资料来源 : Free On-Line Dictionary of Computing
lazy evaluation
An {evaluation strategy} combining {normal order
evaluation} with updating. Under normal order evaluation
(outermost or call-by-name evaluation) an expression is
evaluated only when its value is needed in order for the
program to return (the next part of) its result. Updating
means that if an expression's value is needed more than once
(i.e. it is shared), the result of the first evaluation is
remembered and subsequent requests for it will return the
remembered value immediately without further evaluation. This
is often implemented by graph reduction. An unevaluated
expression is represented as a {closure} - a data structure
containing all the information required to evaluate the
expression.
Lazy evaluation is one {evaluation strategy} used to implement
non-{strict} functions. Function arguments may be infinite
data structures (especially lists) of values, the components
of which are evaluated as needed.
According to Phil Wadler the term was invented by Jim Morris.

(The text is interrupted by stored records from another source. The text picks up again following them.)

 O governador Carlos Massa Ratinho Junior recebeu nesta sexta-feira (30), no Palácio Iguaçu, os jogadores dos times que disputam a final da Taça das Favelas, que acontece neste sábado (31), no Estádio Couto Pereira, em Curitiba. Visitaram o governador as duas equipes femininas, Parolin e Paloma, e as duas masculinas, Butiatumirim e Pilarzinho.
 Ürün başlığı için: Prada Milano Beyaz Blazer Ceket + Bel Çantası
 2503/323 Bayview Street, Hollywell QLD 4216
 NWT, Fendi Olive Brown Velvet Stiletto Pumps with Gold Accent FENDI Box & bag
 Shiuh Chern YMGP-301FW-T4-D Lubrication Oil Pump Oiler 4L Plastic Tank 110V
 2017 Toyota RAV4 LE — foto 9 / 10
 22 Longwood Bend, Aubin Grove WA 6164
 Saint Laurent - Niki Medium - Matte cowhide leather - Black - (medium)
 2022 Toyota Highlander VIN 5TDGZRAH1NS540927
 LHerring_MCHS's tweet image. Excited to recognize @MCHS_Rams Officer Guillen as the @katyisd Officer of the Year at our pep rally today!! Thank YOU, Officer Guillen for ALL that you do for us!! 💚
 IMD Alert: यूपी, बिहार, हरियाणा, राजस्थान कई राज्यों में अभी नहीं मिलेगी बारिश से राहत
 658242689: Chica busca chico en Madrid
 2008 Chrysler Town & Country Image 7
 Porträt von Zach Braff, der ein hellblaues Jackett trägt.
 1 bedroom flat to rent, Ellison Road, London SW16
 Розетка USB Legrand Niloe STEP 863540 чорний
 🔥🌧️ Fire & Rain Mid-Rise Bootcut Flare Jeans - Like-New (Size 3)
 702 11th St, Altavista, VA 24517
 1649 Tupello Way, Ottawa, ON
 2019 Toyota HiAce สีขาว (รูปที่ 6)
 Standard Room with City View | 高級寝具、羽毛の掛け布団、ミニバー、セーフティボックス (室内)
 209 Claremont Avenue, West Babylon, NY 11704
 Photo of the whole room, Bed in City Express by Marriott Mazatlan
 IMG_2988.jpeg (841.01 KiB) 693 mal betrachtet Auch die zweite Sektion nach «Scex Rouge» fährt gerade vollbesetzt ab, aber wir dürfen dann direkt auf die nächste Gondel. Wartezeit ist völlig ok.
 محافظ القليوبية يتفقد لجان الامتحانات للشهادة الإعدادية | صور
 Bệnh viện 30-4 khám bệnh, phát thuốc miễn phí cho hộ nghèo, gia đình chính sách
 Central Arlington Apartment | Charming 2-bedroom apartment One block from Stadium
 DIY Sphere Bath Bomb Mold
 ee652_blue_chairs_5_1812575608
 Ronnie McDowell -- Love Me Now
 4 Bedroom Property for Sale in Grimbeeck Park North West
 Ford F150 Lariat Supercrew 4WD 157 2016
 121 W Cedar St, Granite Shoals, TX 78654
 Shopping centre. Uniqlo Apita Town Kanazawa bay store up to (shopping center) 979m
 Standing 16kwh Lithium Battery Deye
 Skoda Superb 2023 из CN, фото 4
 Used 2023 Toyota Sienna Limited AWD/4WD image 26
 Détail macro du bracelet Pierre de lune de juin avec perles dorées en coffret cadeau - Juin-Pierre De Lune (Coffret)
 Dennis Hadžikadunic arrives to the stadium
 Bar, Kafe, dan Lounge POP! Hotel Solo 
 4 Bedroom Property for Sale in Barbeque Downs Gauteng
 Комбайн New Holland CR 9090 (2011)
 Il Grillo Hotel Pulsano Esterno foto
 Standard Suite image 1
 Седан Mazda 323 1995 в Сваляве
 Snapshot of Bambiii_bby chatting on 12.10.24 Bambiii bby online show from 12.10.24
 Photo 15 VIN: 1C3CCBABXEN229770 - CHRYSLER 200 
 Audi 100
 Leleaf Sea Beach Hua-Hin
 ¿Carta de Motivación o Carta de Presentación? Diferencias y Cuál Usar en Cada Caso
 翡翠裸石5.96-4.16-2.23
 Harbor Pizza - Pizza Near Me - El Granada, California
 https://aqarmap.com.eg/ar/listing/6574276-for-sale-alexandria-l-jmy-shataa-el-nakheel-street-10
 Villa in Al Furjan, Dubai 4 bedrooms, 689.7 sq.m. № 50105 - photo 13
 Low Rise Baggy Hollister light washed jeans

Opposite: {eager evaluation}.
A partial kind of lazy evaluation implements lazy data
structures or especially {lazy list}s where function arguments
are passed evaluated but the arguments of data constructors
are not evaluated.
{Full laziness} is a {program transformation} which aims to
optimise lazy evaluation by ensuring that all subexpressions
in a function body which do not depend on the function's
arguments are only evaluated once.
(1994-12-14)